- _Try it_: In the data below, find the line containing "Замок двери Peugeot 207" and the line containing "Vase bouteille en", then reproduce them and every line between, exactly. Omit pictures.

- _Source material_:
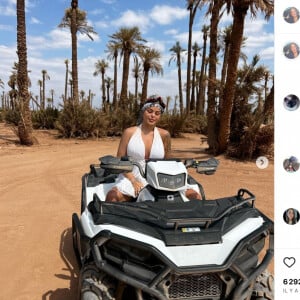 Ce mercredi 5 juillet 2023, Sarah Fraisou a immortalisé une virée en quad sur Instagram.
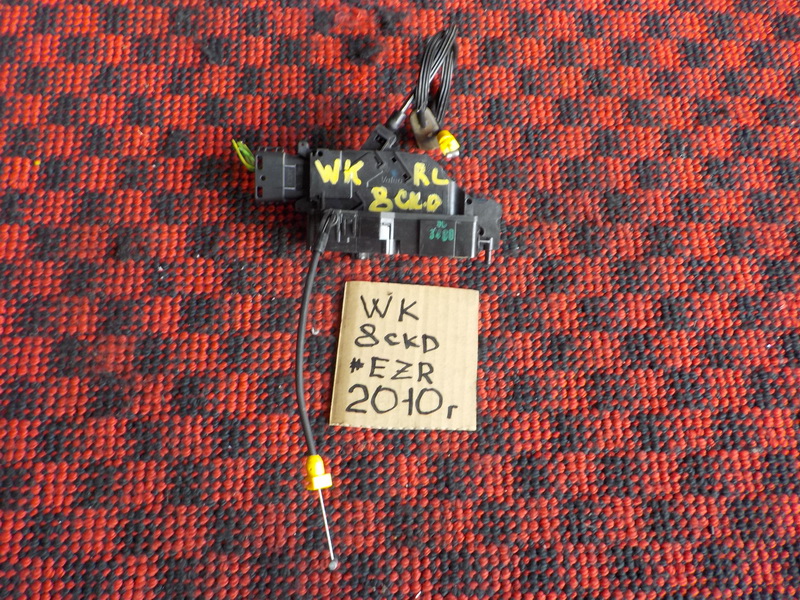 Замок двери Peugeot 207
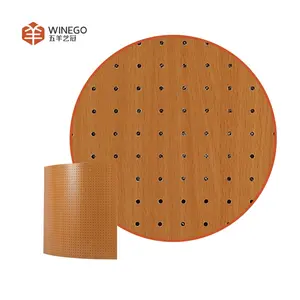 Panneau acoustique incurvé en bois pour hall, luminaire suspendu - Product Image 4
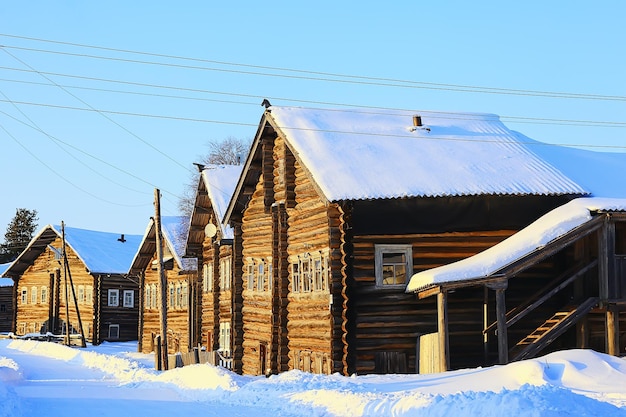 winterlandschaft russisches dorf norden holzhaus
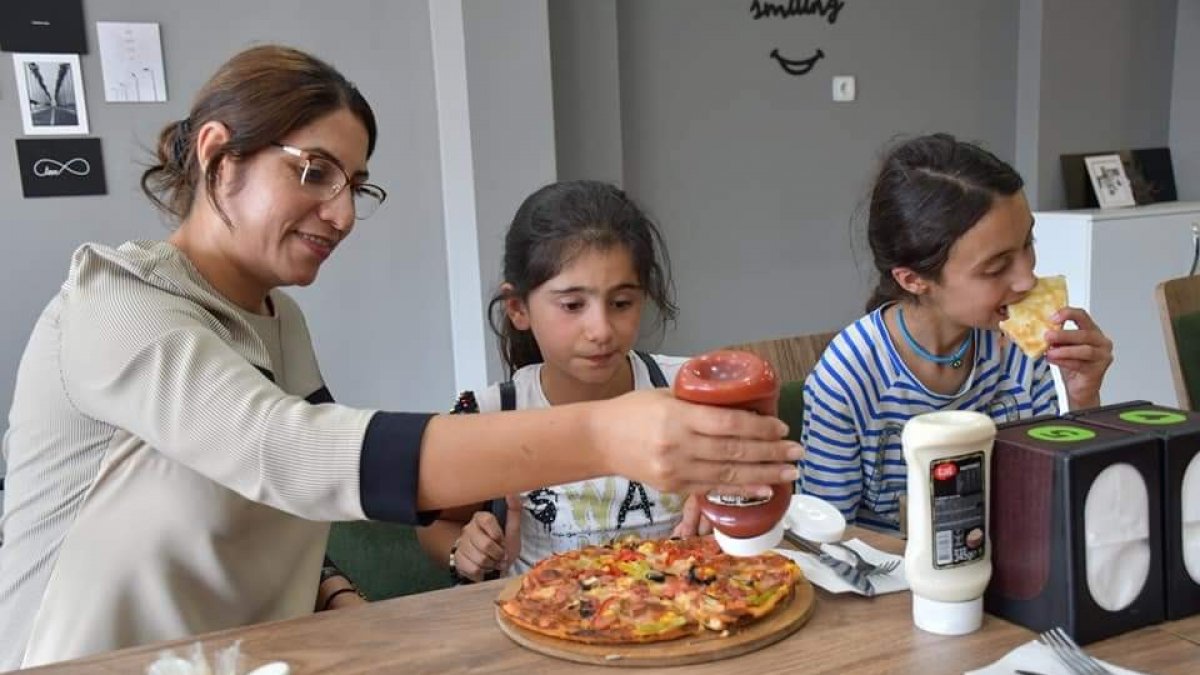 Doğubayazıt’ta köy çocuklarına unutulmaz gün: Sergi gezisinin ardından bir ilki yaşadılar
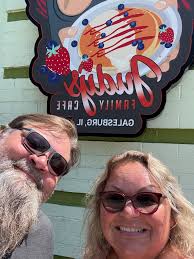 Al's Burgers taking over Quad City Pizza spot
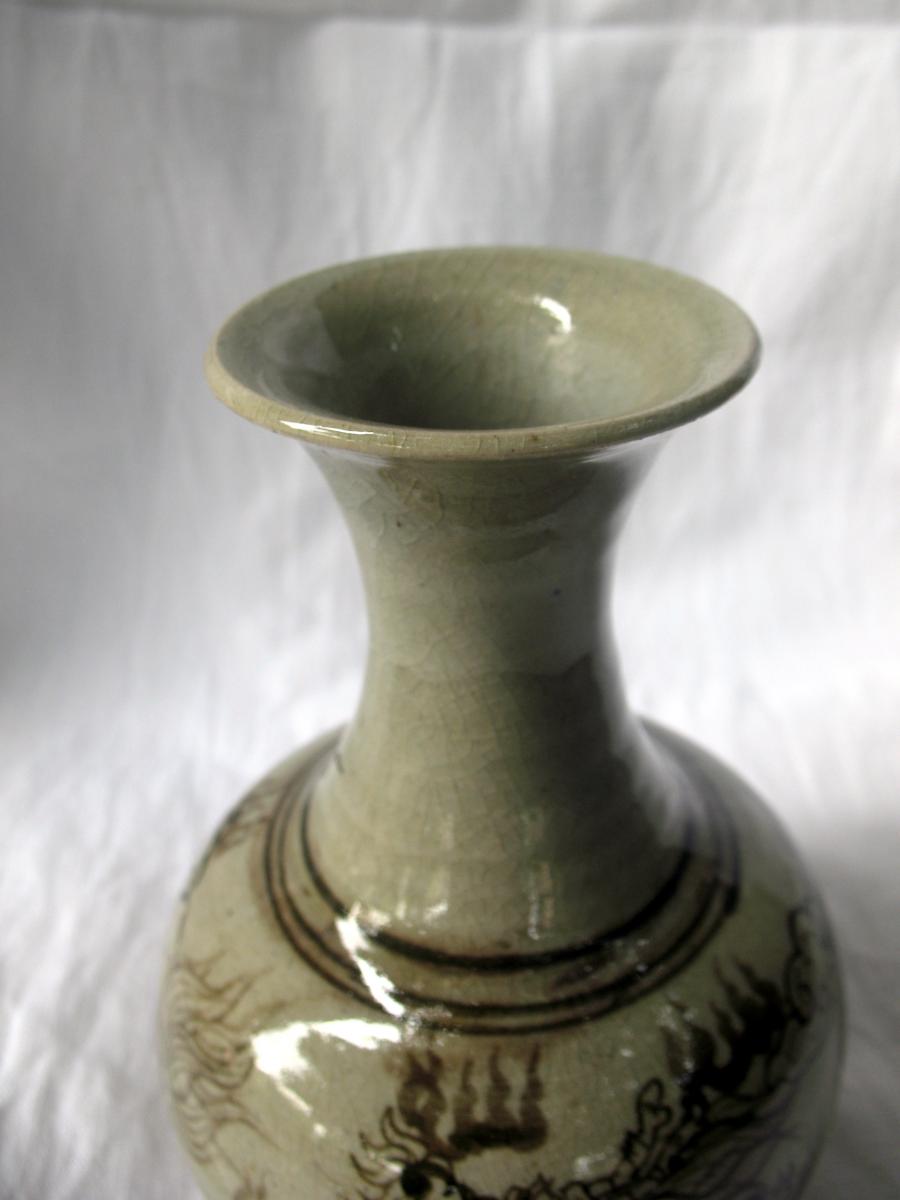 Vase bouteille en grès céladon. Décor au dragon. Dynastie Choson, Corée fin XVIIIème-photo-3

--

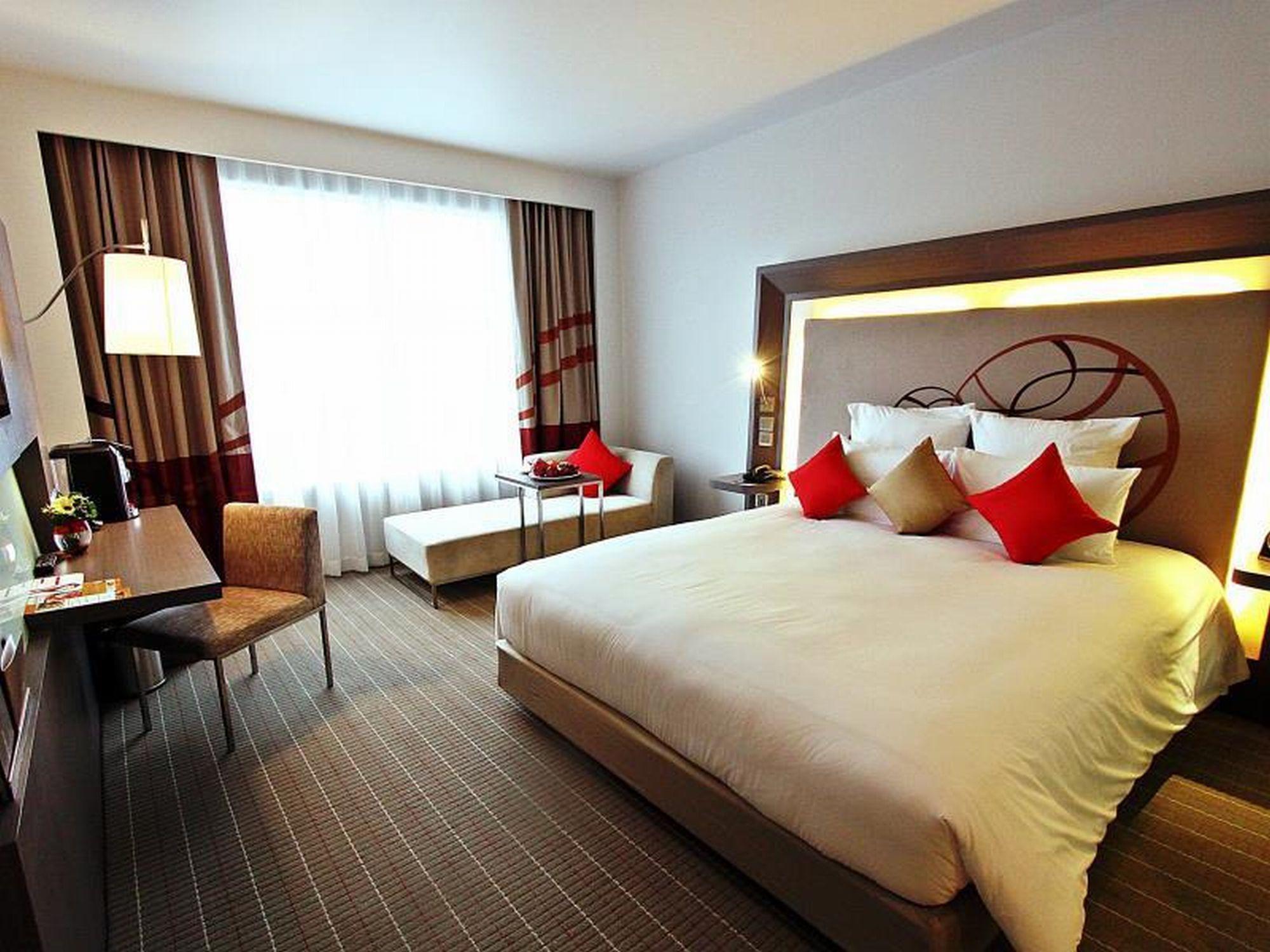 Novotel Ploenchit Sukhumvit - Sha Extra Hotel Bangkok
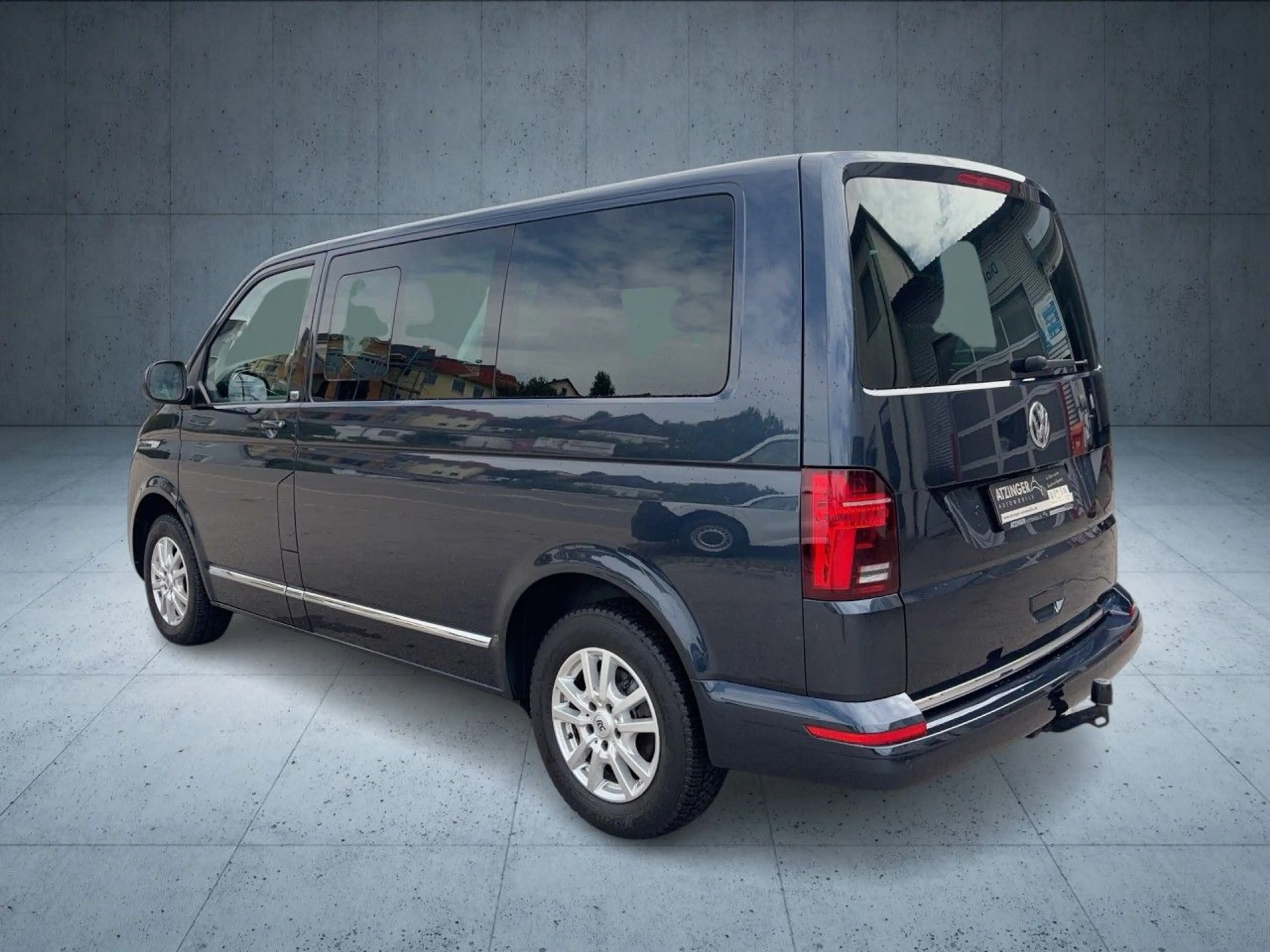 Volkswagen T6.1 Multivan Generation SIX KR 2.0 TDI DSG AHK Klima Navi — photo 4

...

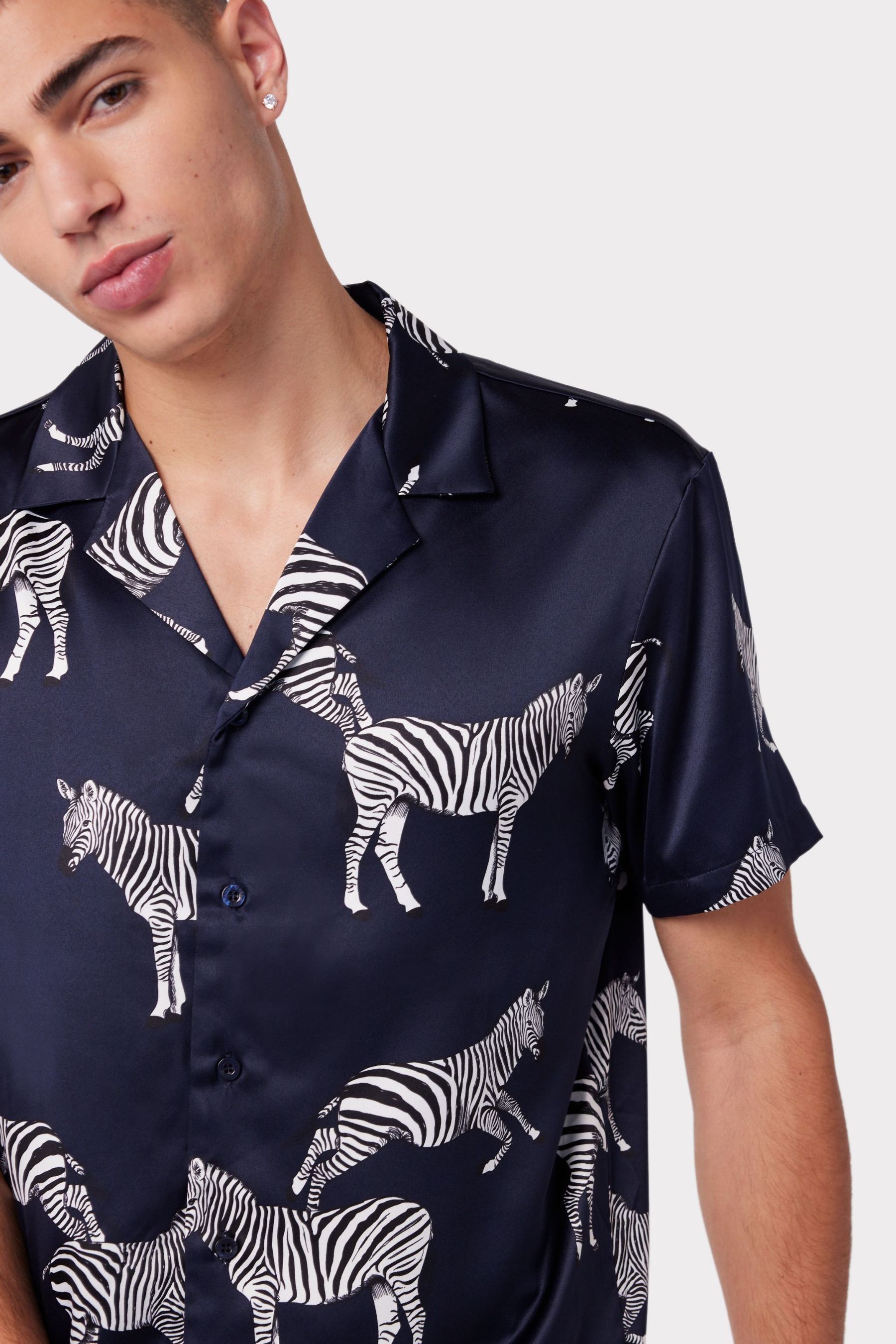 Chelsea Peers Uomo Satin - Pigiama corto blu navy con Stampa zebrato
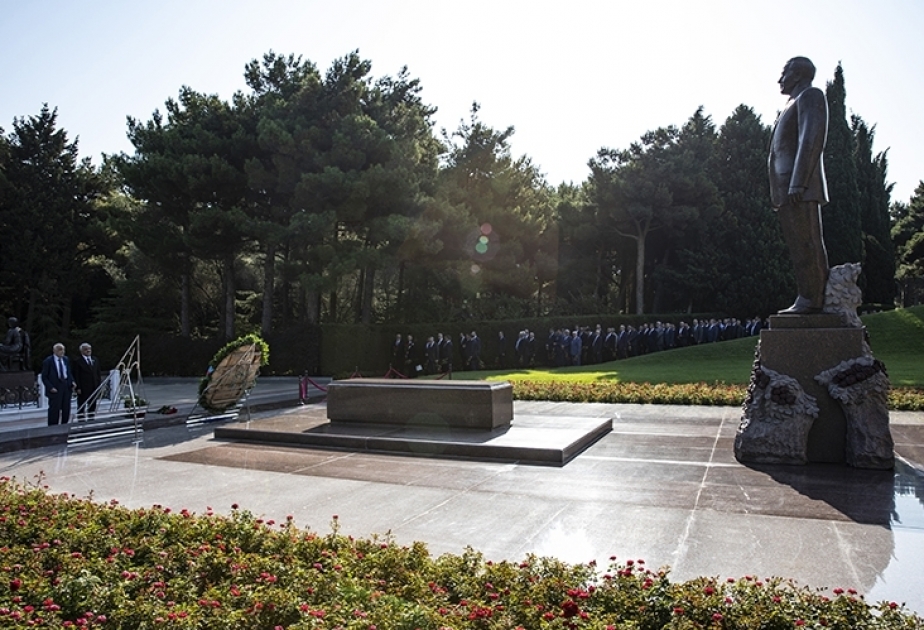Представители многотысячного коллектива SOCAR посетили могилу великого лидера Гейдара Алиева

- _Response area_:
 Замок двери Peugeot 207
 Panneau acoustique incurvé en bois pour hall, luminaire suspendu - Product Image 4
 winterlandschaft russisches dorf norden holzhaus
 Doğubayazıt’ta köy çocuklarına unutulmaz gün: Sergi gezisinin ardından bir ilki yaşadılar
 Al's Burgers taking over Quad City Pizza spot
 Vase bouteille en grès céladon. Décor au dragon. Dynastie Choson, Corée fin XVIIIème-photo-3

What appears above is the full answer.